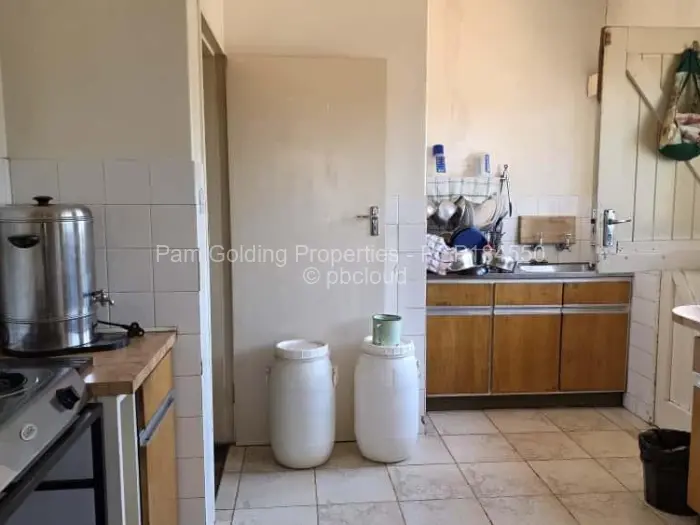 3 Bedroom House for Sale in Montrose Byo, Bulawayo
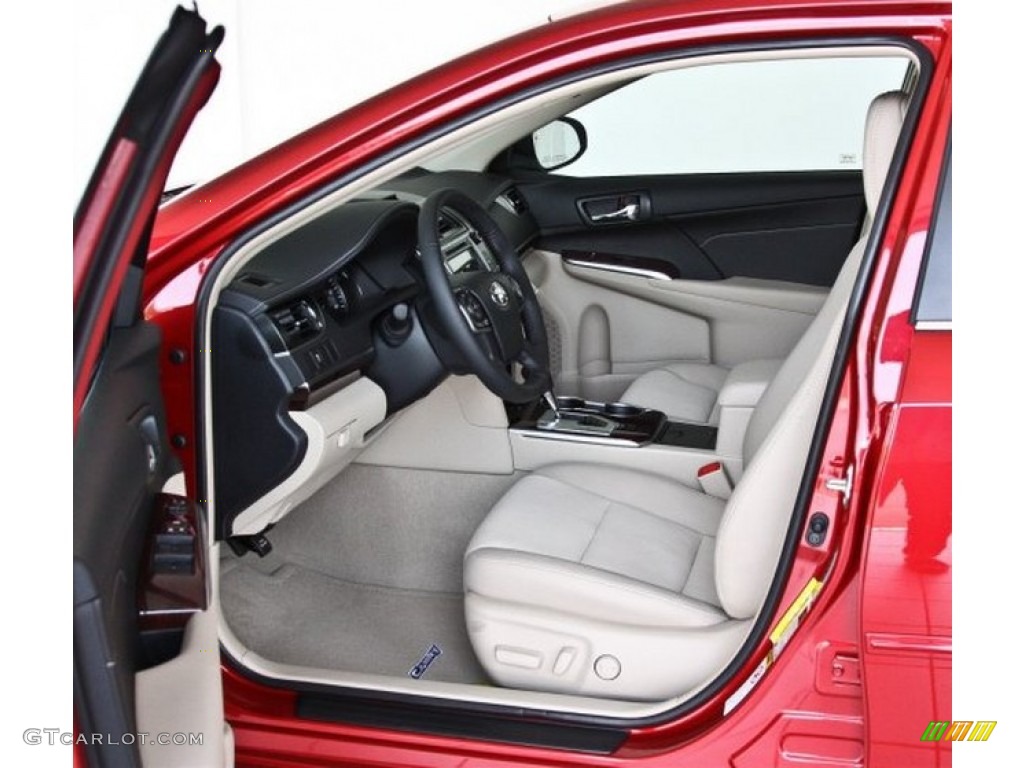 2013 Camry XLE V6 - Barcelona Red Metallic / Ash photo #9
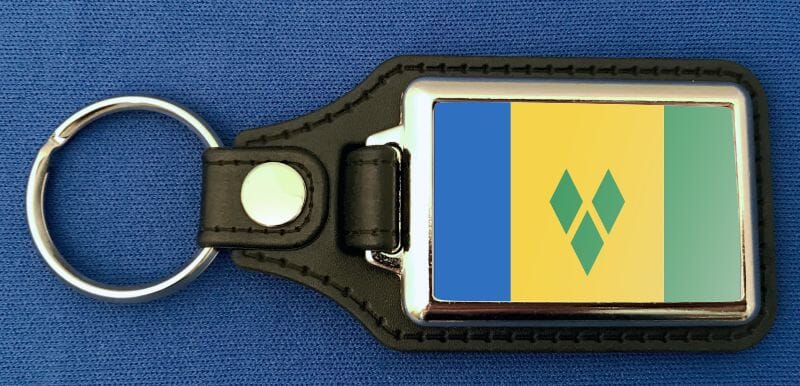 St. Vincent und die Grenadinen Schl&uuml;sselanh&auml;nger aus Metall und Kunstleder | ca. 95 X 37 mm - Bild 1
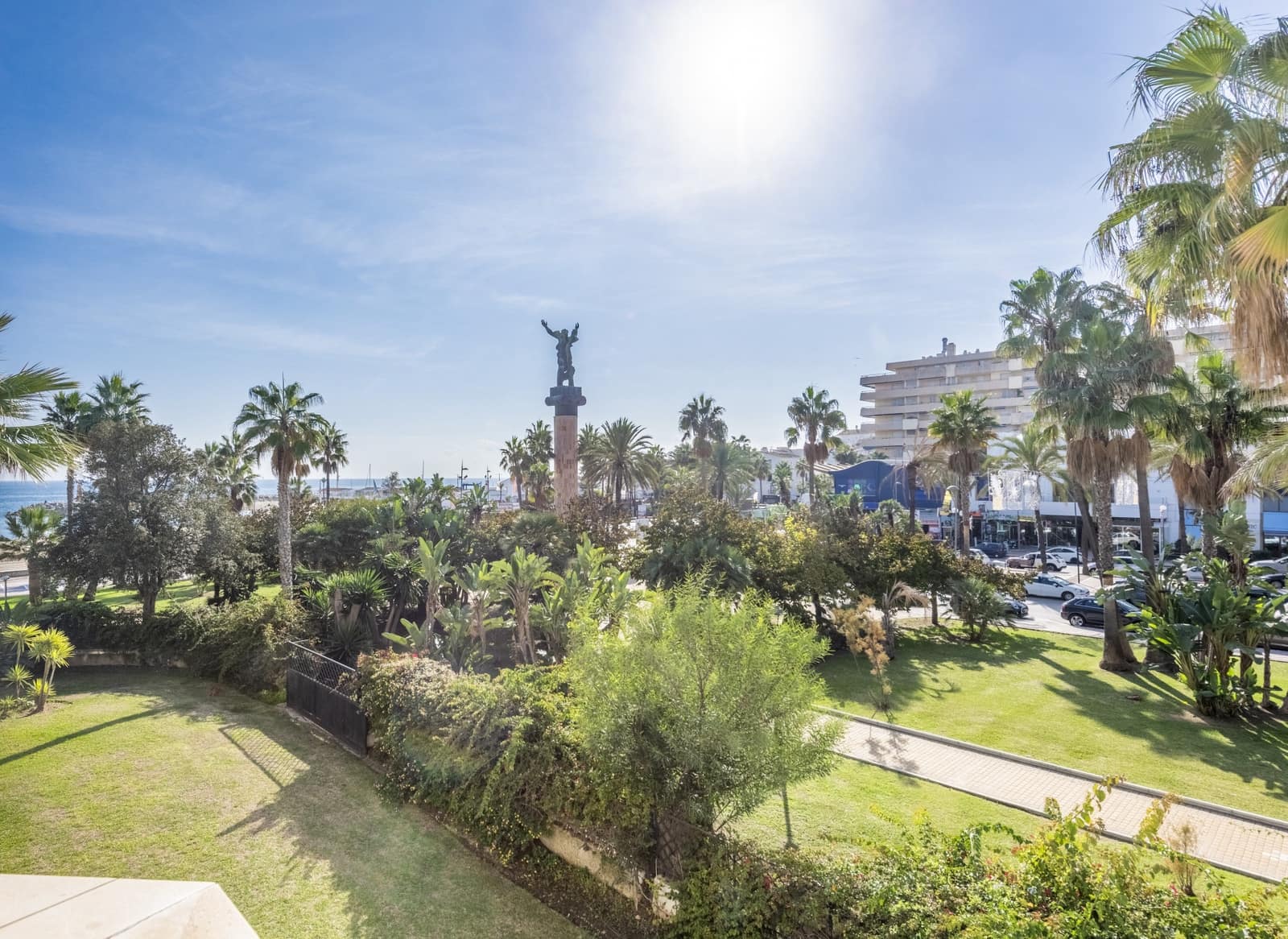 4 makuuhuone Huoneisto vuokrattavana paikassa Marbella mukana uima-altaan 
autotalli - 7 500 € (Ref: 8981472)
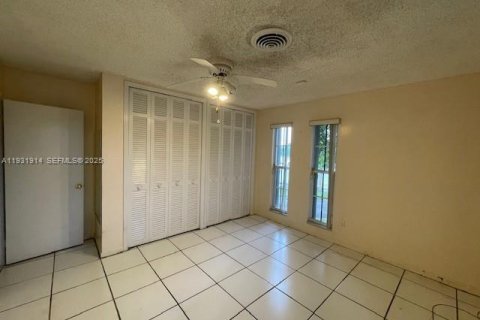 Casa en venta en Miami, Florida, 3 dormitorios, 190.17 m2 № 1992170 - foto 18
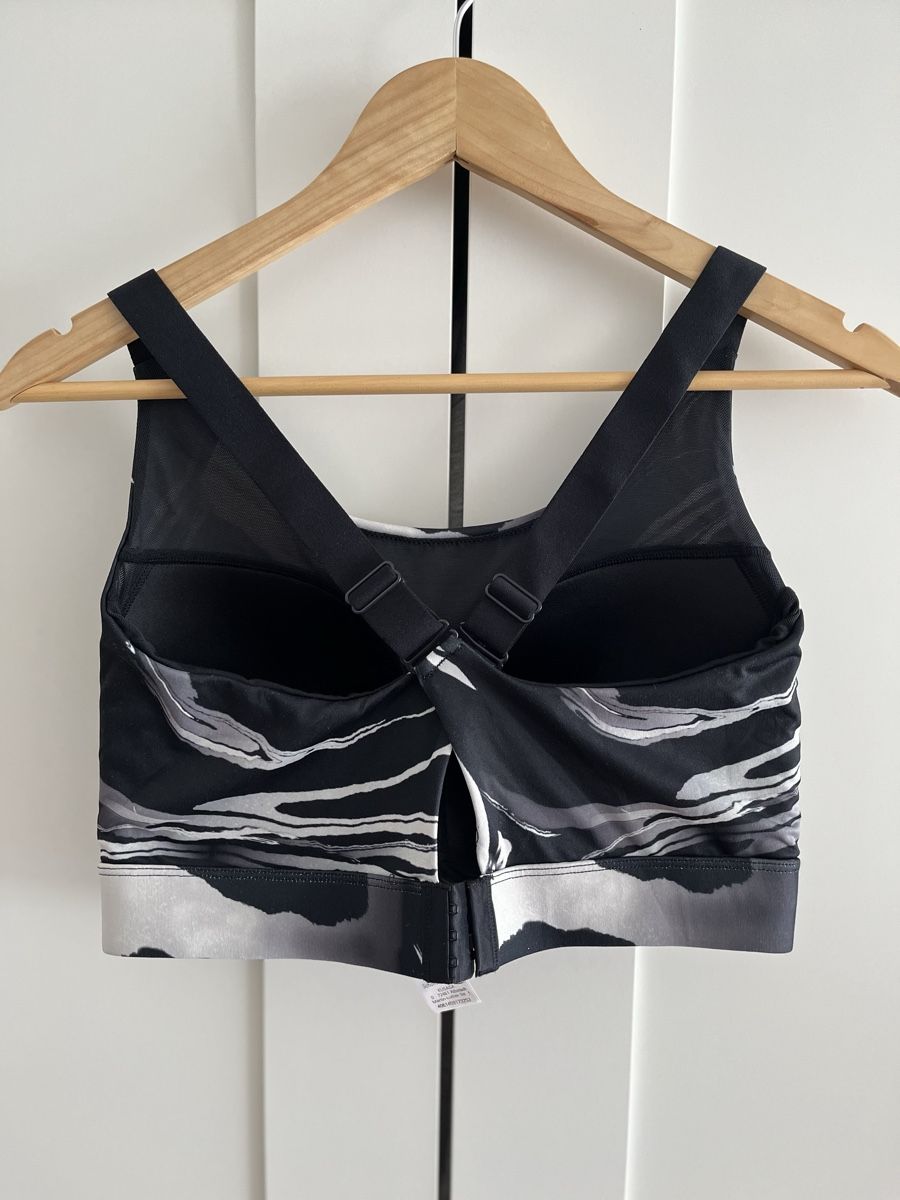 Altra biancheria intima: Sport BH Gr. L – Usato da Escholzmatt venduto da Sarah_ 1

- **What the task asks**: Pictures are not part of the answer, which must be the exact lines from the one holding "2013 Camry XLE" through the end of the material, both ends included.

- **Result for this exercise**:
 2013 Camry XLE V6 - Barcelona Red Metallic / Ash photo #9
 St. Vincent und die Grenadinen Schl&uuml;sselanh&auml;nger aus Metall und Kunstleder | ca. 95 X 37 mm - Bild 1
 4 makuuhuone Huoneisto vuokrattavana paikassa Marbella mukana uima-altaan 
autotalli - 7 500 € (Ref: 8981472)
 Casa en venta en Miami, Florida, 3 dormitorios, 190.17 m2 № 1992170 - foto 18
 Altra biancheria intima: Sport BH Gr. L – Usato da Escholzmatt venduto da Sarah_ 1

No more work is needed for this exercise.